During the monitoring period, H_s varied between 0.6 and 7 m, with a mean value of 1.9 m, while T_p between 6 and 18 s, with a mean value of 12 s. These values are in agreement with the characteristic wave climate at the study site. The average BW (Figure 3C) increased from October (60 m) to November (80 m) and then decreased till the end of February (40 m). Overall, the subaerial beach surface diminished about 20% over the winter. The BV was most variable in the northern and central sectors, increasing till middle November, whereas it did not change significantly in the southern sector (Figure 3D). The BV was about 400.000 m3 at the start of winter, and decreased of about 27% with a constant trend in February.

Figure 4 shows the results of the 12 surveys of the six cross-shore transects P1-P6. From P1 to P4, the presence of beach berm determined the highest volume values, already observed in Figure 3, during the early winter months. Over the monitored period, the beach profile became smoother with a gentler slope. On P5 and P6, instead, the beach profiles did not change significantly. Overall, the DT elevation varied between 4 m (P2) and 6 m (P6), while the DC was between 5.5 m (P2) and 15.2 m (P6). The foredune slope differed among profiles, with the steepest gradient in the central part of the beach (from P3 to P5).

FIGURE 4

Figure 4 Beach profiles changes and total water level (TWL) timeseries. Upper: beach transect location (white lines) within the study area (red rectangle). For each of the six profiles, colors refer to chronological order of surveys (see colorbar), while black line indicates the average profile. Squares and triangles indicate the dune toe (DT) and dune crest (DC), respectively, while crosses the shoreline (SL, 1 m). Below each profile plot, graph shows the number of DT collisions and overwash (registered only on P2) based on Sallenger (2000) method computed considering the five R2% formulas. Letters stand for the initials name of formulas, see Table 1).
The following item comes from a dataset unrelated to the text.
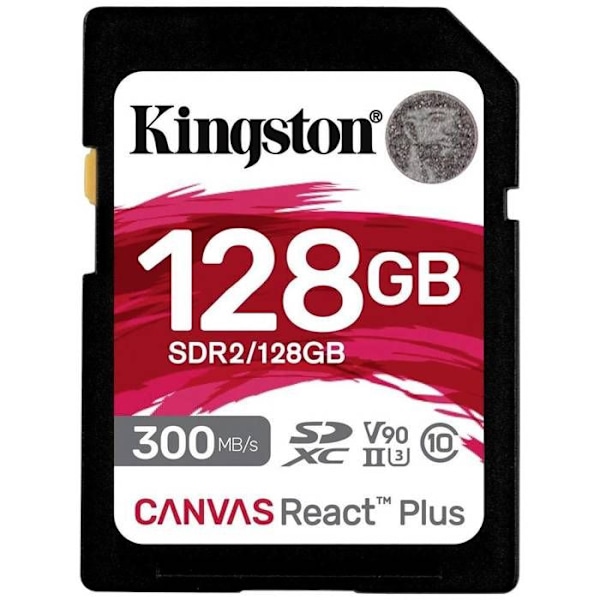 Kingston Minneskort SD 128GB Canvas React Plus 300/260 UHS-II U3 - 0740617301960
Figure 4 also shows the number of collisions calculated considering i) the TWL based on the five R2% formulas (Table 1), ii) the updated intertidal beach slope iii) the updated DT elevation, on a three-days basis. In the central part of the beach, P3 and P4 were less collided than the northern (P1 and P2) and southern (P5 and P6) profiles.

The analysis of TWL timeseries coupling morphologic features after Sallenger verify the foredune variability and scarped front dunes (P1, P3 on December, P4 Jan 2017 and P5 Oct 2016) and the signature of previous swash events up in the dune (P1 P4 Dec 2016, P5 Jan and Feb 2017). Regarding P2, Figure 4 shows evidence of overwash events collected during the high-frequency field surveys. It was possible to verify the occurrence of overwash events during the storm event in the early February, with the presence of microliter on the foredune, and the observation of the typical overwash fan on the backdune (Figure 5).

FIGURE 5

Figure 5 Observations on P2 and P5 dune-beach profiles of the maximum swash during the previous high tide. The limit between dry and wet sand shows the level reached by the total water level in this period (February 06, 2017).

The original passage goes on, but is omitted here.